Là, c’est la douleur qui parle. Ce sont les phrases extériorisées par la victime qui se trouve dans un état de déni. Elle croit que la douleur n’existe plus, alors qu’elle est là et évolue, en sourdine. C’est en ce moment que l’on développe des maladies chroniques comme le diabète, l’hyper-tension ou l’ulcère, etc. Pour le médecin, les blessures émotionnelles sont souvent engendrées par la haine, qui devient comme des braises pour notre corps. à défaut de les laisser tomber, on finit par se brûler tout le corps, déplore- t-il.
SAVOIR LÂCHER PRISE ET PARDONNER-Pour A.D, face à ces situations, il faut savoir lâcher prise, ou se confier à la bonne personne, c’est-à-dire quelqu’un qui sait écouter sans juger, qui comprend, et qui vous réconforte.

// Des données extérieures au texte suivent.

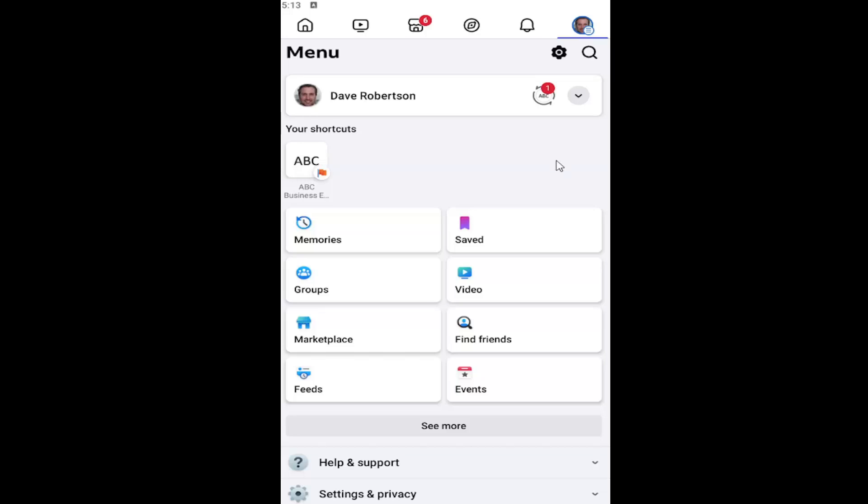So all you have to do is open up the Facebook app and select your profile icon in the top right corner.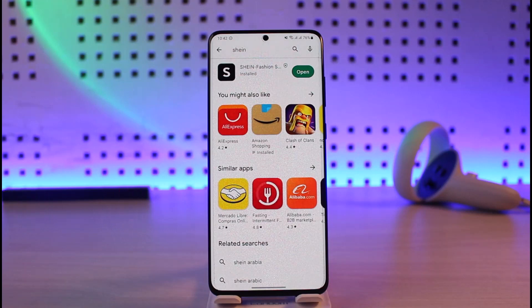To get started with the application issue, first of all you want to head over to your Play Store and check if the Shin app has an update. If it does, then make sure to update the app to the latest version.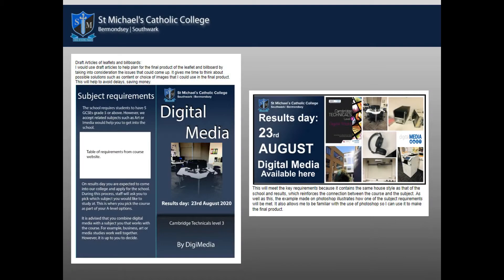Finally, here are a couple of examples of some promotional material completed by a Year 12 student. He's used Photoshop to develop some images and put some mock-up ideas together. I hope that answers your questions about the digital media course, and we look forward to hearing from you if you've got any questions.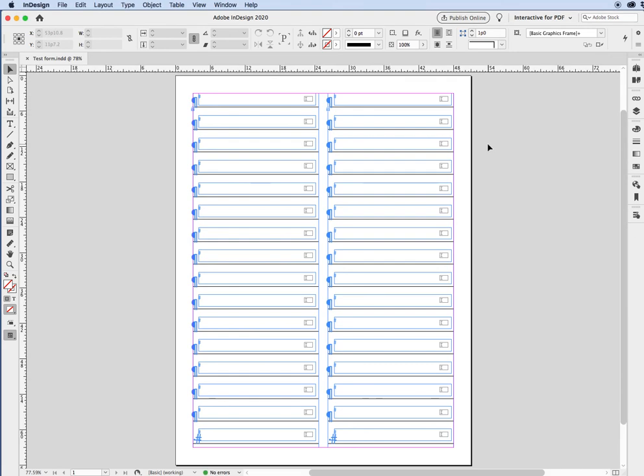This is a quick video tutorial on how to change, or I should say modify, the tabbing order, not in InDesign, but you would do that in Acrobat Pro.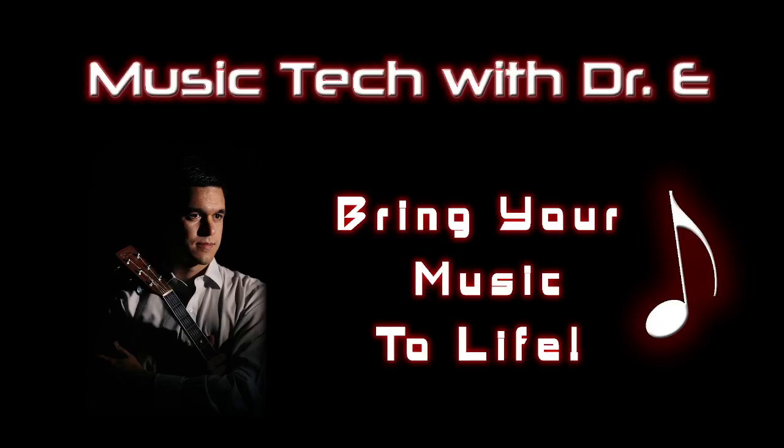Hello everyone and welcome to another tutorial with Music Tech and Dr. E. So it's been a while since I posted some videos. I started a new job doing some different stuff but I'm excited to be back and providing you with some new information that I have learned along the way.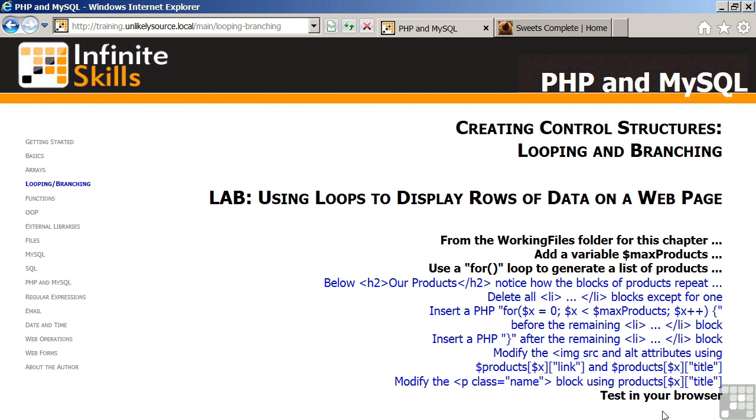This completes our discussion of the instructions for the lab using loops to display rows of data on a web page.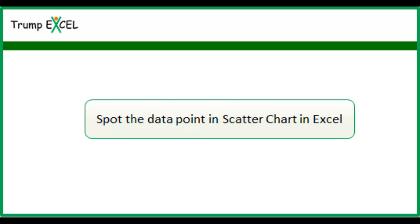Hello and welcome to the video by Trump Excel. I am Sumit Bansal and in this video I will show you how to spot a data point in a scatter chart in Excel.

L’autre solution, c’est le pardon, la tolérance les uns envers les autres afin d’éviter la rancœur et l’esprit de vengeance. La rancune détruit. Raison pour laquelle, ceux qui ne pardonnent pas ont tendance à vite vieillir et vivent mal.
Le pardon est un élément essentiel dans la vie de l’être humain. Il est biblique et, fortement cité dans le Saint Coran. Selon les chrétiens, le pardon est divin, il établit la paix dans la communauté. Alexandre Dembélé, un responsable de l’église de Sirakoro indique que le pardon est défini dans la Bible comme est un pansement pour le cœur. Il aide à nettoyer, à laver et cicatriser les plaies émotionnelles. « Nous le devons pour notre bien-être. On ne pardonne pas pour faire plaisir à notre gourou, mais la paix intérieure n’a pas de prix », assure-t-il. En général, les malfaiteurs se moquent de notre état d’âme, de notre ressenti. Bien au contraire, certains se réjouissent même de savoir que ce qu’ils font, nous fait du mal, poursuit-il.
Pouvoir rendre coup pour coup, mais choisir de pardonner, c’est ce qui est recommandé en islam. «Allah a dit : quand tu es blessé ne répond pas par le mal parce que le feu n’éteint pas le feu. Repousse le mal par ce qui est meilleur. Ainsi, celui avec qui tu as une animosité devient un ami chaleureux. Ne voudriez-vous pas que le bon Dieu vous pardonne vos péchés ? Alors pardonnez à ceux qui vous ont offensé, Cela est bien meilleur pour vous le jour de la résurrection », soutient Karamoko Moustaph Coulibaly.